--- REQUIREMENT ---
Transcribe only the part of the material below that begins at the line containing "Tapón autopista Duarte" and ends at the line containing "Litost Cafe Капсульный отель Адрасан", with both kept and images left out.

START SUPPLIED DATA

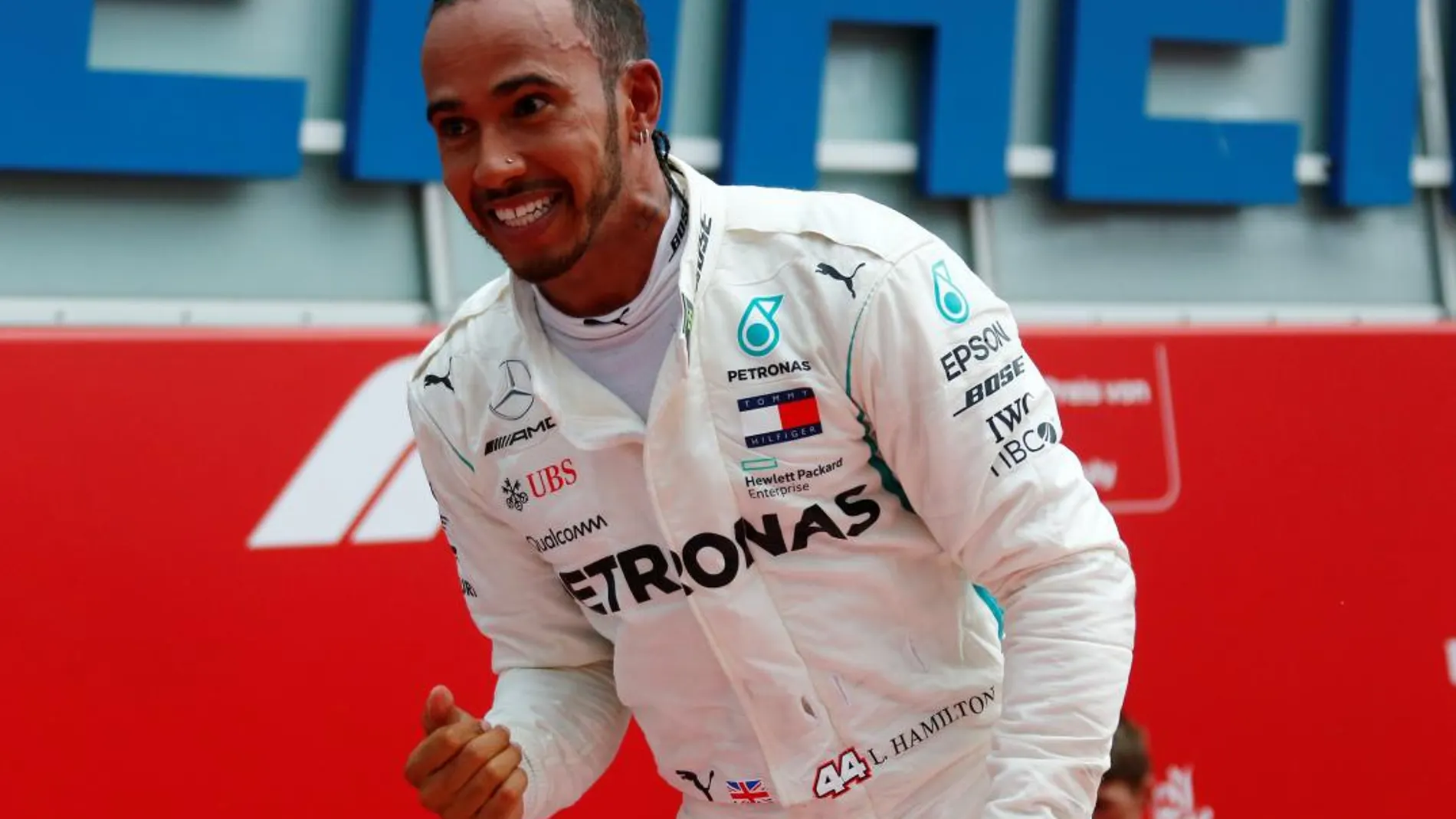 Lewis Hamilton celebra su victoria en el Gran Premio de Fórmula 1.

END SUPPLIED DATA
START SUPPLIED DATA

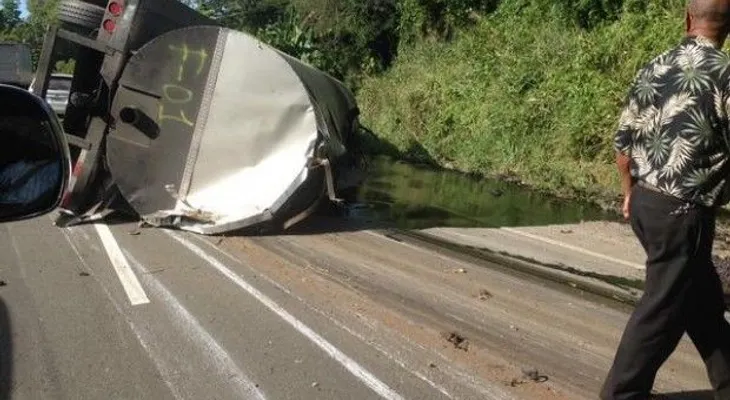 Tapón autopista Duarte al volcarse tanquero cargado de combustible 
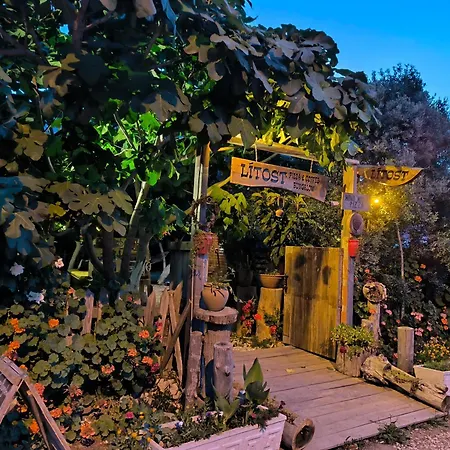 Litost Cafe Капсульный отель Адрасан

END SUPPLIED DATA

--- THE ANSWER ---
 Tapón autopista Duarte al volcarse tanquero cargado de combustible 
 Litost Cafe Капсульный отель Адрасан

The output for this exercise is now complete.